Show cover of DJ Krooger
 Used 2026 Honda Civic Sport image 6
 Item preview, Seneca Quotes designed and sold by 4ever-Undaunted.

WHAT NEEDS TO BE DONE:
Up to and including the last line of the listing above, copy exactly every line from the one that contains "Used 2026 Honda Civic Sport image 6" onward; leave out all others.

RESULT OF THE TASK:
 Used 2026 Honda Civic Sport image 6
 Item preview, Seneca Quotes designed and sold by 4ever-Undaunted.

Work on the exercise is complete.